Are the diehard Rebels softening, even now? I asked my brother, who teaches in a part of the Deep South where
liberals are hunted like squirrels and raccoons, if the ruinous war in Iraq and the administration’s amazing series of scandals and smoking guns–as well as its vandalism of conservative principles–might change the way his neighbors voted. “Not really,” he said. “They’re down on Bush but they’ll jump on any excuse to forgive him. To them it’s just two teams, and Democrats are the other team. It’s like being born to root for Alabama or Auburn, Georgia or Georgia Tech.”

In 2004, I think I observed that 25 percent of the electorate would vote for Bush if he were convicted of killing JonBenet Ramsey, or photographed raping a goat. That untouchable base must include my brother’s neighbors. Southerners are a stubborn people, slow to trust, even slower to change established loyalties. For conservatives under 50, the GOP is the South’s home team and family tradition. They’re holding up their end of the devil’s bargain, and the latest candidates show no sign of welshing on theirs. Still genuflecting to the ghost of Strom Thurmond, Giuliani, Romney, McCain and Fred Thompson were all conspicuous no-shows–pleading “scheduling conflicts”–at the PBS forum on minority issues held at Morgan State University in September. Even Newt Gingrich said he was disgusted.

And my favorite:

The Republicans needed us and they got us. They used us and now they’ll go down choking on us. It was the marriage made in hell, a fatal alliance that may be the South’s final revenge on the Republican Party for Lincoln, Grant and the War Between the States. As cultural heterogeneity and relaxing racial attitudes continue to marginalize the old Dixie worldview, Republicans will feel that Bible Belt pinching tighter and tighter. By and by they’ll hang themselves with it.
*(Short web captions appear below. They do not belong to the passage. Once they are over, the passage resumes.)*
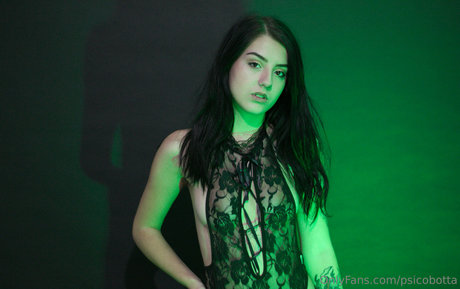 psicobotta sexy pornstar img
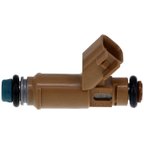 GBR 852-12248 Fuel Injector - view 1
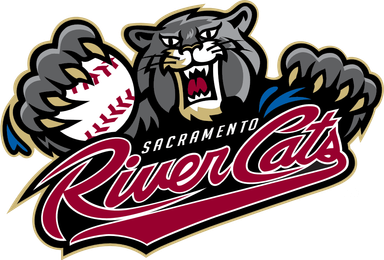 File:SacramentoRiverCats.png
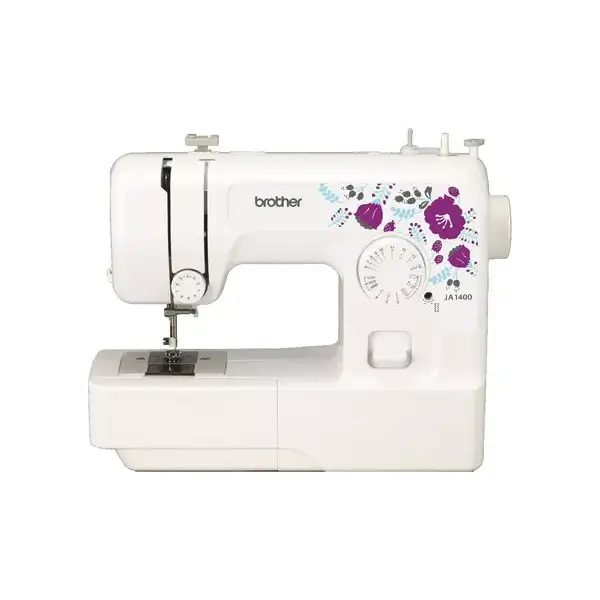 Brother JA1400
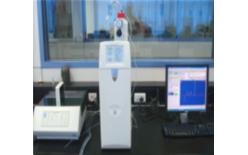 失效分析 ，超聲波檢測(cè)，無(wú)損檢測(cè)，X光檢測(cè) ，金相切片，顯微觀察，焊點(diǎn)染色，掃描電鏡/能譜分析，紅外分析，腐蝕分析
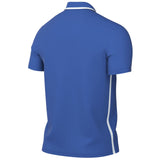 Nike Dri-FIT Park 26 Polo HM7136-463 син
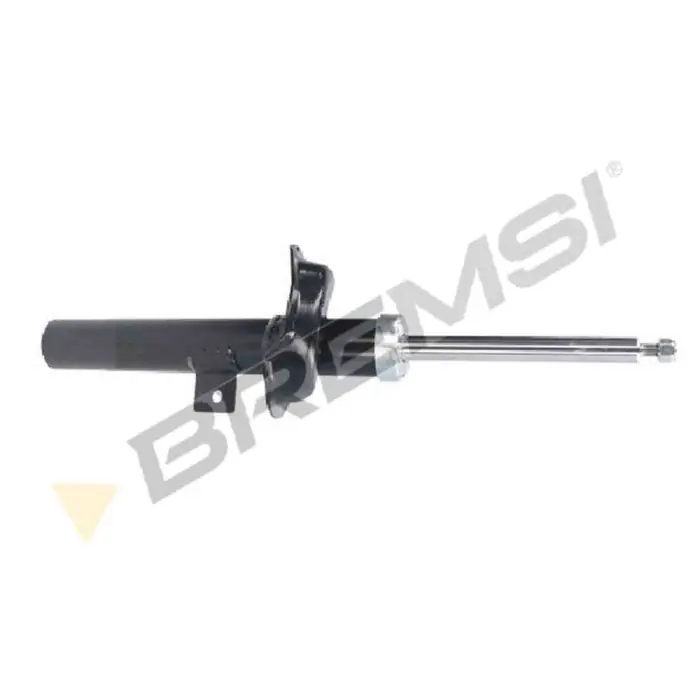 Soddisfatti O Rimborsati Ammortizzatore Anteriore Sinistro Ford Tourneo Connect Transit Connect A Doppio Tubo Sa0212 2t1418b039aa Bremsi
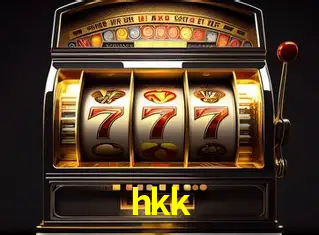 Apostas Esportivas na hkk: Um Guia Completo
They’ll scramble and cheat: In black precincts they’ll try to inhibit voter turnout, in California they’re already trying to steal electoral votes with a shady referendum. But new friends will be hard to find, when they’ve defined their party by what they hate, discourage and oppress: minorities, unions, poor people, immigrants, homosexuals, atheists, scientists and scholars, small farmers and businessmen, journalists, pacifists, non-Christians, uppity women with their reproductive rights. You can run a modern political party on Wall Street’s money, but you can’t get by on its votes. Just as Wall Street cares nothing about abortion or gay marriage, Main Street cares nothing about tax cuts or inheritance taxes–it never expected to inherit anything but the kingdom of heaven.

If you think I’m being optimistic, you’re mistaken. The devil gets his due and the Frankenstein thing, the knight of the living dead, falls apart at the seams in 2008. Trust me. But what does it leave in its wake? The GOP’s fragmented identity, along with his own lack of candor, commitment or visible achievement, allowed George W. Bush to ascend to the presidency (by fair means or foul, it doesn’t matter now) as a virtual mystery. Texas cowboy or Connecticut preppy, Southern fundamentalist or country-club moderate, Wall Street or Main Street, underdog or dauphin, who knew George? He turned out to be the most dishonest, incompetent, imperious and radically secretive chief executive we’ve ever suffered, with the most dangerously foreshortened view of history and the most frightening array of scoundrels to do his bidding. He’s twisted and crumpled the Constitution like a cocktail napkin. If the cringing Democrats in Congress had the courage and were sure they had the votes, his impeachment would be sealed in 20 minutes. The deteriorating situation in Afghanistan and Pakistan–which has real WMDs–exposes the unbearable fact that we wasted irreplaceable resources on the wrong war. It also exposes the deadly risk, for even the richest and most powerful countries, when they place their critical resources in the hands of liars and fools.